Over 25 years ago I landed my first real job at a publishing company in downtown Detroit. It was an interesting place, filled with smart, witty, and sometimes eccentric people, most of whom were recently graduated English majors like me. As entry-level research/editorial workers we had much in common--an insatiable love for reading, a constant yen to discuss books and authors, and the fact that we were all pathetically underpaid.
Despite our paltry wages, we did have unique company benefits. For example, employees could get free copies of any book they worked on and, typically, each person had a hand in several books each year, so that was potentially a lot of books. Since our names appeared on the credits page of each such book, that was a nice perk. In those early days, it was a thrill to open up a spanking new volume and show parents or friends your name in print. Another benefit was a policy requiring us to take rigidly scheduled breaks twice a day. Mandatory breaks. Just like recess in elementary school, once in the morning and once in the afternoon. A cute idea, at least in theory. You weren't supposed to work through a break, even if you were smack in the middle of a meeting or an involved task. That was the rule.
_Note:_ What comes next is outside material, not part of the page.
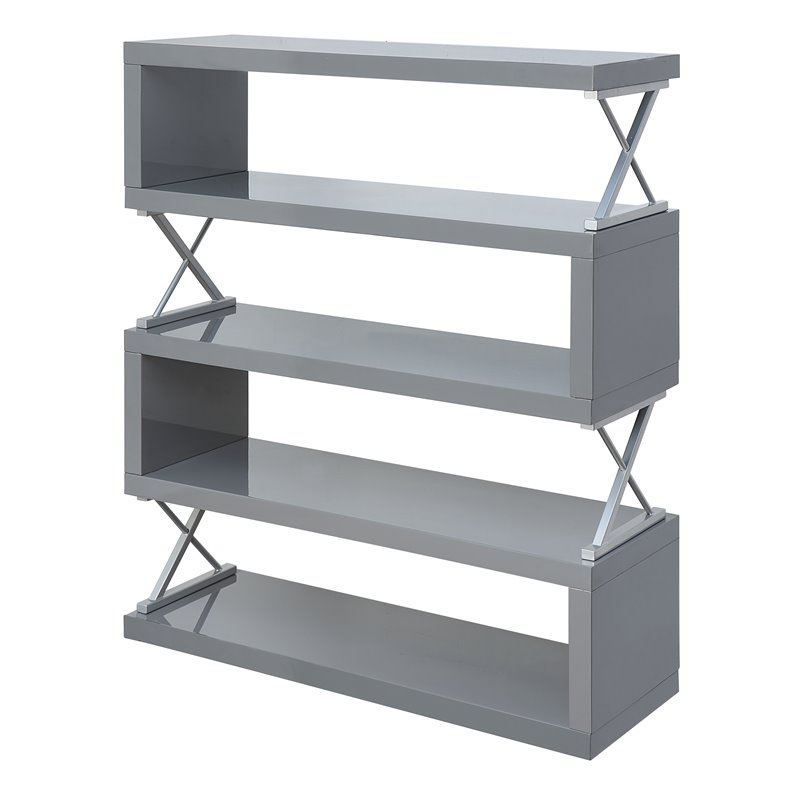 Bowery Hill Contemporary Wood 5-Shelf Bookcase in Glossy Gray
The break allowed enough time for a cup of coffee and chit-chat, but not much else. That, however, rarely deterred the famished among us from trekking out of our historic high-rise and heading down West Fort Street in search of nourishment. We'd dash half a block and duck into Britt's Cafe, a cafeteria/bakery that was bizarrely sequestered in the back of a high-end office supply store. (I know I reminisced here about Britt's once before, but please indulge me as I simply must do it again.) A best-kept-secret kind of place, Britt's produced fabulous baked goods, along with fantastic sandwiches, soups, and salads. Their roughly-constructed scones were to die for, and their fresh muffins sported the most colossal tops I'd ever seen. Once pulled from the oven, the muffins were cut apart and hoisted out of the pans. They were hearty, deeply golden, and packed with chunks of ripe fruit, toasted nuts, tangy dried berries. Sprinkled with coarse sugar, each was a glittering spectacle, a muffin-meal in and of itself. Well worth the risk of making it back to work a few minutes late.
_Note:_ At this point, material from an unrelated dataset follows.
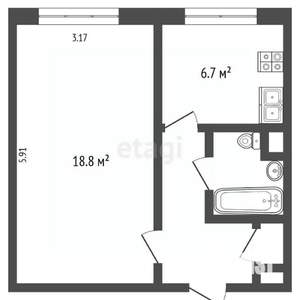 1-к квартира, вторичка, 32м2, 2/9 этаж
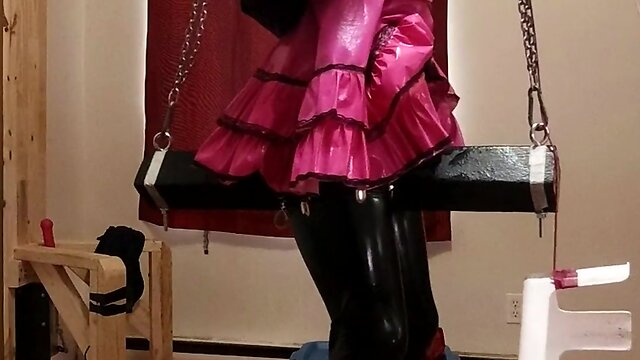 Cd maid stuck on large sextoy on wooden pony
I was reminded of Britt's muffins as I made these yesterday morning. My batter was really thick, there was a lot of it, and I wondered for a moment if I'd need two 12-cup pans versus just one. As I greased the cups with a pastry brush, I decided it would be fun to engineer a similar top-heavy result. I loaded the cups with batter, rounding them above capacity with my ice cream scoop, dusted the tops with nuts and sugar, then slid them into the oven.
These big-tops are in honor of Britt's, a great Detroit food spot that no longer exists but, happily, still persists in memory.
About this recipe . . .
This is an original, unadapted recipe. It contains a small amount of whole wheat pastry flour, which you can leave out if you wish (use white or regular whole wheat instead), along with small pieces of sliced, peeled nectarines (feel free to use peaches, or apples, instead). Coarsely chopped, salted, unblanched, Marcona almonds (oh, they're so, so good--I buy them from Trader Joe's) and turbinado sugar crystals are sprinkled on top. This recipe produces a hearty muffin that's not what I'd call cakey, nor too sweet.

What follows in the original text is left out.